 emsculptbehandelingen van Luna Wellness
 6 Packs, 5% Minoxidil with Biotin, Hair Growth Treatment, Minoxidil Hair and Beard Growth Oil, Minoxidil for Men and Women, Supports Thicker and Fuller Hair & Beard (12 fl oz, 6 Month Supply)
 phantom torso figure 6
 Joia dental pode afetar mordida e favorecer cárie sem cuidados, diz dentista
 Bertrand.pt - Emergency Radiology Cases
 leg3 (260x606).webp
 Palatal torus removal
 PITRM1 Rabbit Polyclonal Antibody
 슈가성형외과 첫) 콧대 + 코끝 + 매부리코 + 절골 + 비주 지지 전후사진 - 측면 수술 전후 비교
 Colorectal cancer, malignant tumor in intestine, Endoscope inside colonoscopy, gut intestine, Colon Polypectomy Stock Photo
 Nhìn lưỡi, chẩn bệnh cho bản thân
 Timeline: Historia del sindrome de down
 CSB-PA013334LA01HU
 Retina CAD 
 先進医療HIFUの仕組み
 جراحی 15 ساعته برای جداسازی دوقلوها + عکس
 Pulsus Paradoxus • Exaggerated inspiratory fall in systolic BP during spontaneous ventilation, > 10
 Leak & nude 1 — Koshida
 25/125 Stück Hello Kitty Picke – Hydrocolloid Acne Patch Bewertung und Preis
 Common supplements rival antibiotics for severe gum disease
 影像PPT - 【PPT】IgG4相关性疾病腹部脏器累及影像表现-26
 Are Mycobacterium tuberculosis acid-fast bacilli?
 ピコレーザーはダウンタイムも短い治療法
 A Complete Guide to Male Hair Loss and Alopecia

════════════════════

**How to complete this task**
Return exactly the lines from the one containing "Joia dental pode" to the last line of the data, and nothing more.

**Task output**
 Joia dental pode afetar mordida e favorecer cárie sem cuidados, diz dentista
 Bertrand.pt - Emergency Radiology Cases
 leg3 (260x606).webp
 Palatal torus removal
 PITRM1 Rabbit Polyclonal Antibody
 슈가성형외과 첫) 콧대 + 코끝 + 매부리코 + 절골 + 비주 지지 전후사진 - 측면 수술 전후 비교
 Colorectal cancer, malignant tumor in intestine, Endoscope inside colonoscopy, gut intestine, Colon Polypectomy Stock Photo
 Nhìn lưỡi, chẩn bệnh cho bản thân
 Timeline: Historia del sindrome de down
 CSB-PA013334LA01HU
 Retina CAD 
 先進医療HIFUの仕組み
 جراحی 15 ساعته برای جداسازی دوقلوها + عکس
 Pulsus Paradoxus • Exaggerated inspiratory fall in systolic BP during spontaneous ventilation, > 10
 Leak & nude 1 — Koshida
 25/125 Stück Hello Kitty Picke – Hydrocolloid Acne Patch Bewertung und Preis
 Common supplements rival antibiotics for severe gum disease
 影像PPT - 【PPT】IgG4相关性疾病腹部脏器累及影像表现-26
 Are Mycobacterium tuberculosis acid-fast bacilli?
 ピコレーザーはダウンタイムも短い治療法
 A Complete Guide to Male Hair Loss and Alopecia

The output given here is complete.